Мать высунула голову в окошко, и видно ее сердитое лицо. Из другого окошка, подальше, высовывается голова в повойнике и отвечает:
— Конешно, она. Я сразу увидела: было для компоту десять черносливин, а как она подошла, так и девять сделалось. И как тебе не стыдно — а?
— Сами слопали, а на меня валите! — огрызнулась Катенька. — Очень мне нужен ваш чернослив! От него керосином пахнет.
— Кероси-ином? А почем же ты знаешь, что керосином, коли ты не пробовала, — а?
— Керосином? — ужасается кухарка. — Эдакие слова произносить! Взять бы что ни на есть, да отстегать бы, так небось…
— Стегайте себя саму! Отвяжитесь!
‘Да… значит, он берет за руку и говорит: ‘Отдайся мне!’ Я уже готова уступить его доводам, как вдруг дверь распахивается и входит муж. ‘Сударыня, я все слышал. Я дарю вам мой титул, чин и все состояние, и мы разведемся…’
— Катька! Дура полосатая! Кошка носатая! — раздался голос позади скамейки.
Катенька обернулась.
Через забор перевесился соседский Мишка и, дрыгая, для равновесия, высоко поднятой ногой, обрывал с росших у скамейки кустов зеленую смородину.
— Пошел вон, поганый мальчишка! — взвизгнула Катенька.
— Поган, да не цыган! А ты вроде Володи.
— Мама! Мама, он смородину рвет!
— Ах ты, Господи помилуй! — высунулись две головы. — Час от часу не легче! Ах ты, дерзостный! Ах ты, мерзостный!
— Взять бы хворостину хорошую…
— Мало вас, видно, в школе порют, что вы и на каникулах под розгу проситесь. Вон пошел, чтобы духу твоего!..
Мальчишка спрятался, предварительно показав для самоудовлетворения, всем по очереди, свой длинный язык, с налипшим к нему листом смородины.
Катенька уселась поудобнее и попробовала мечтать дальше. Но ничего не выходило. Поганый мальчишка совсем выбил ее из настроения. Почему вдруг ‘кошка носатая’? Во-первых, у кошек нет носов — они дышат дырками, — а, во-вторых, у нее, у Катеньки, совершенно греческий нос, как у древних римлян. И потом, что это значит, ‘вроде Володи’? Володи разные бывают. Ужасно глупо. Не стоит обращать внимания.

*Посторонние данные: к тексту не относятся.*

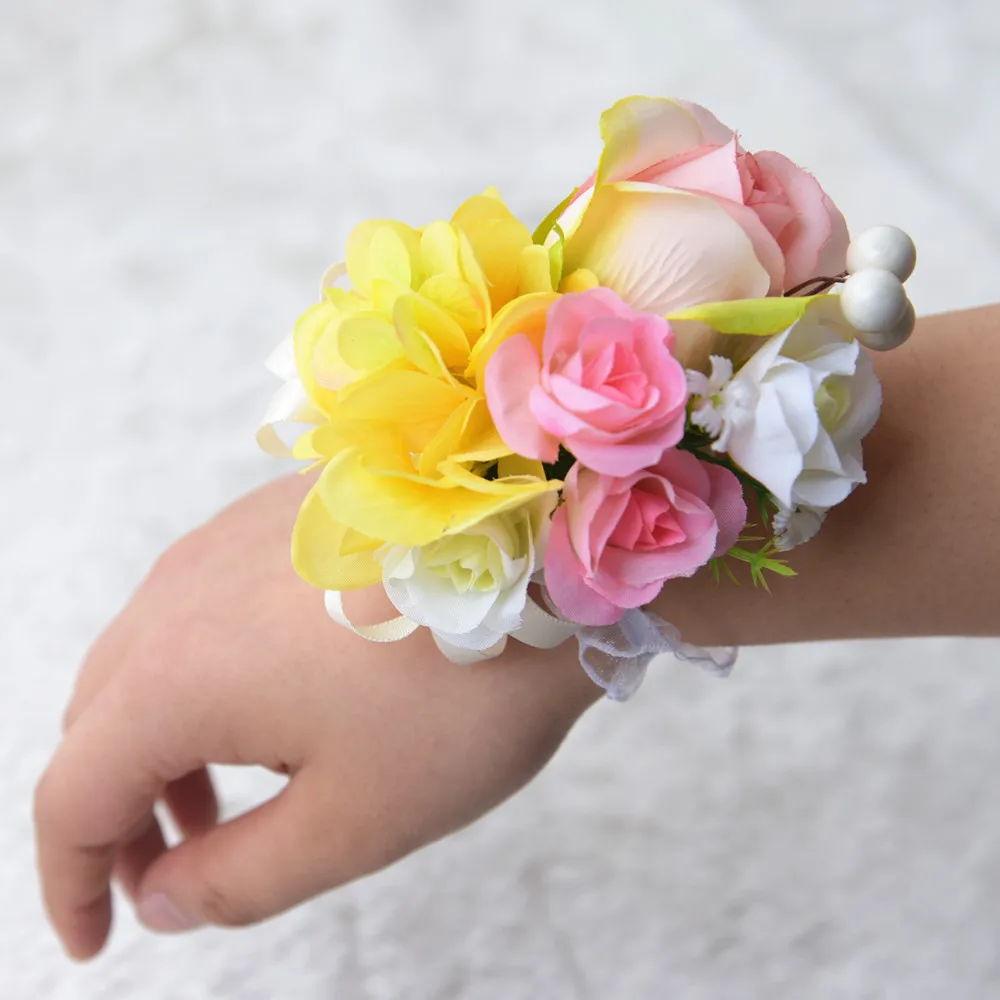 Hand Corsage Flowers Flower Bracelet Bridesmaid Bracelet Flower Bracelet For Bridesmaids Prom Bracelets Wrist Flower Pink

Но не обращать внимания было трудно. От обиды сами собой опускались углы рта и тоненькая косичка дрожала под затылком.
Катенька пошла к матери и сказала:
— Я не понимаю вас! Как можно позволять уличным мальчишкам издеваться над собой. Неужели же только военные должны понимать, что значит честь мундира?
Потом пошла в свой уголок, достала конвертик, украшенный золотой незабудкой с розовым сиянием вокруг каждого лепестка, и стала изливать душу в письме к Мане Кокиной:
‘Дорогая моя! Я в ужасном состоянии. Все мои нервные окончания расстроились совершенно. Дело в том, что мой роман быстро идет к роковой развязке.